Exxon, for example, stands to lose at least 80 percent of its business-as-usual petroleum investments if the world takes action to limit global temperature rise to 1.6 degrees C (2.9 degrees F), a limit that is within the “well below 2 degrees C” goal prescribed in the Paris Climate Agreement.
According to a Carbon Tracker report released October 9, the energy transition — which climate scientists say is necessary to avoid the most catastrophic consequences of an overheating planet — is an existential threat to the oil and gas sector. The report, titled “Fault Lines: How Diverging Oil and Gas Company Strategies Link to Stranded Asset Risk,” is the latest in a series of analyses from the research organization examining how fossil fuel firms are responding to this energy transition and the inherent risks it poses to their core business.
The industry’s strategy in the face of this risk is not uniform, the new report finds, with major U.S. companies generally lagging far behind their European counterparts in starting to adapt their business model.
“Very few parts of fossil fuel producers’ business models will be left unshaken by the energy transition. European leaders like Eni and BP are responding with an increasingly joined-up approach but for Exxon and others the only consistency is how completely they shy away from decarbonization,” Andrew Grant, Carbon Tracker Head of Climate, Energy & Industry Research and report co-author, said in a press release.
According to the report, Eni and BP are among the European companies that seem better prepared for the changing energy landscape, though these two companies still face up to 50 to 60 percent of their portfolios’ assets becoming stranded.
Chevron, ConocoPhillips, and Exxon, meanwhile, have not committed to substantially scaling back emissions, do not disclose price assumptions accounting for potentially uneconomical assets, and have even higher percentages of their portfolios at risk of becoming stranded in a world where warming is limited to 1.6 degrees C.
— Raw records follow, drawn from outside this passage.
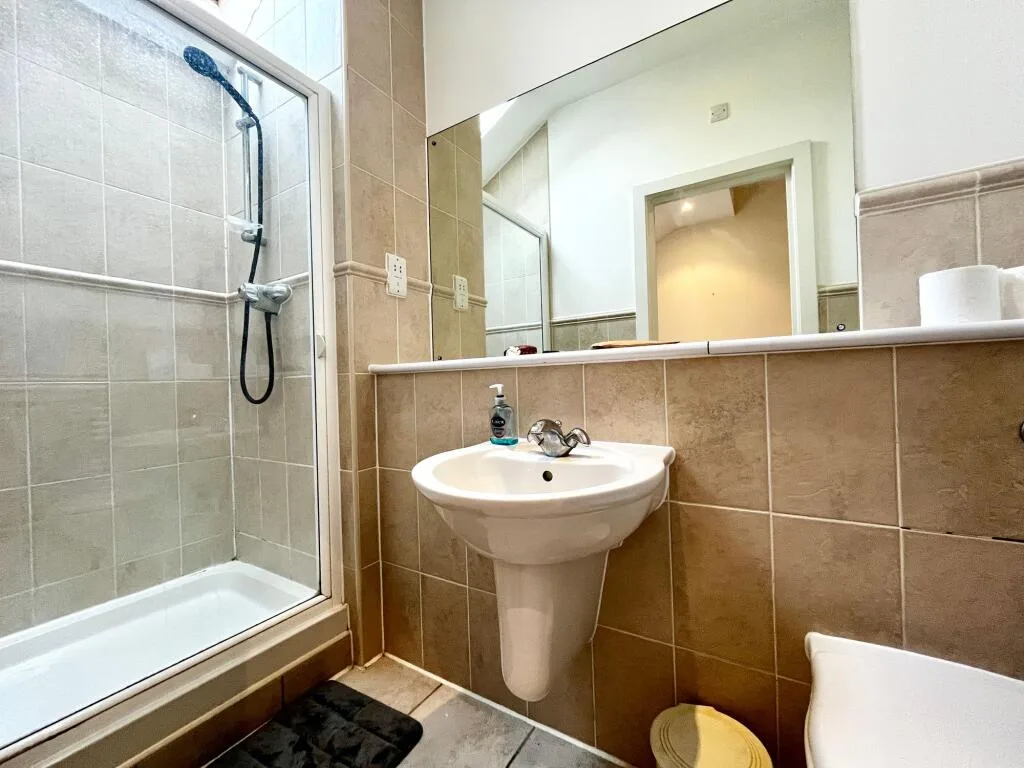 2 bedroom duplex for rent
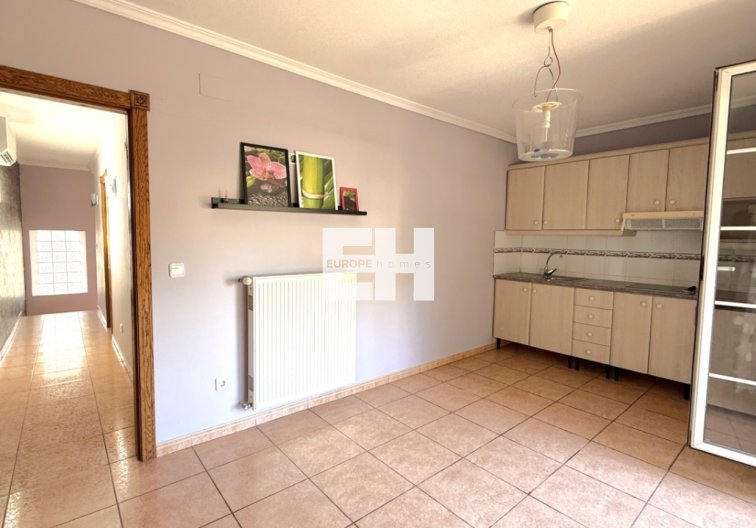 Resale - villa - Pilar de la Horadada - Costa Blanca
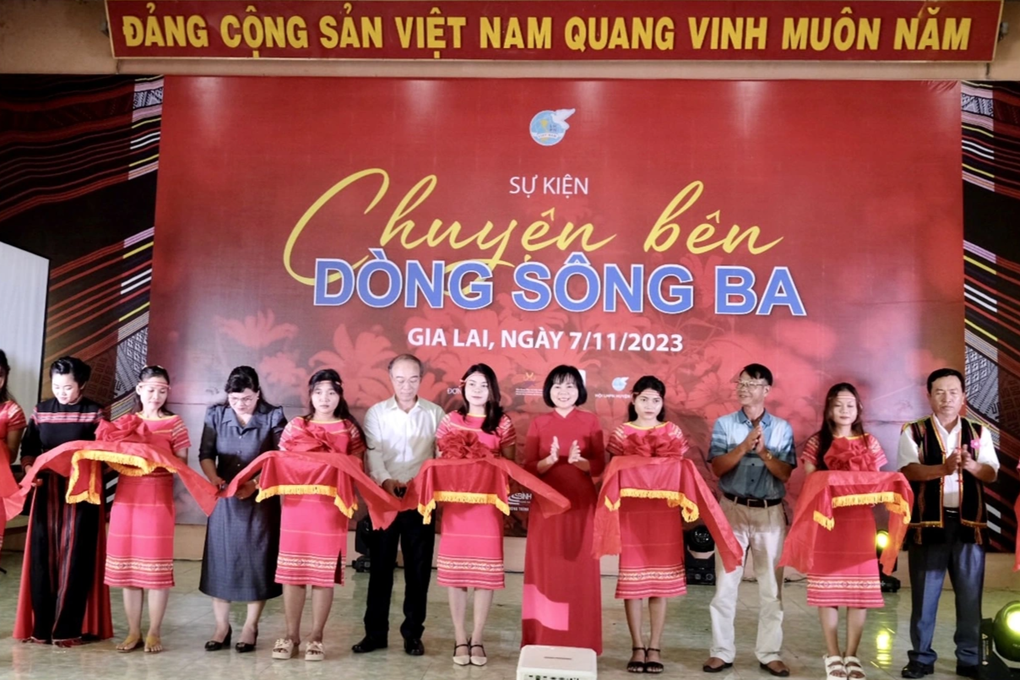 Gia-Lai_trien-lam-chuyen-ben-dong-song-Ba_Chi-Anh1 Gia-Lai_trien-lam-chuyen-ben-dong-song-Ba_Chi-Anh1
Exxon is perhaps the most resistant of the U.S. oil majors to shifting course. Recent reporting by Bloomberg Green based on leaked documents showed that Exxon’s internal strategy to expand petroleum production would cause carbon emissions to spike by 17 percent annually in just the next five years. And according to the new Carbon Tracker report, up to 90 percent of Exxon’s business-as-usual investments could be exposed to stranded asset risk. Exxon’s $10 billion Golden Pass liquefied natural gas (LNG) project in southeast Texas, for example, is one of 15 newly approved oil and gas projects identified by Carbon Tracker that are at risk of becoming stranded assets as the world pursues efforts to decarbonize.
But future developments in climate policy aside, current economic conditions mean that many proposed LNG projects in the U.S. face a steep path to being operational, much less profitable.
Failing to reckon with this energy transition and continuing to invest in petroleum projects that may become uneconomical also poses “a severe threat to the world’s financial system,” a report released in July by the National Whistleblower Center warned.
Exxon’s intransigence in the face of clear climate-related economic risks has sparked backlash with some institutions divesting their stock in the company and two dozen communities across the country taking the company to court over its alleged deception and engineering of climate denial. Records from Greenpeace investigations show Exxon has poured more than $33 million from 1997 to 2015 into campaigns and groups disseminating disinformation on climate science. This funding of climate denial talking points and misleading messaging continues even to this day, according to Climate Investigations Center.
Exxon responded to a request for comment on how its business as usual strategy may leave it particularly disadvantaged as society shifts from fossil fuels to cleaner energy by pointing to its Energy and Carbon Summary report published in January. In that report the company acknowledged that some of its assets may not be developed but otherwise dismissed concerns over stranded assets, claiming, “trillions of dollars of investment in oil and natural gas will be needed” in the coming decades.
“ExxonMobil is positioned to continue to play a prominent role in meeting these future needs,” Exxon spokesperson Casey Norton said in an emailed response.
This assumption that oil and gas demand will require such a high level of investment, however, is a risky bet that may not pan out the way Exxon expects. The whole industry took a big hit as demand cratered this year due to the COVID-19 pandemic, but other factors such as competition from cheaper renewable energy and increasing calls for governments to step up climate action are also contributing to the fossil fuel sector’s decline.
While some oil companies are starting to acknowledge this decline and are making some adjustments to their business, the oil and gas industry overall remains woefully unprepared for the task of rapidly slashing production and associated carbon emissions to align with the Paris Agreement goals to limit dangerous warming.
“A growing number of oil and gas producers have recognized the fundamental impact the energy transition will have on their core business models and are setting climate targets, lowering price forecasts and writing down assets,” said Mike Coffin, Carbon Tracker senior analyst and report co-author. “However, there is a long way to go before they can be viewed as aligned with the Paris Agreement and the risk of stranded assets is still very real.”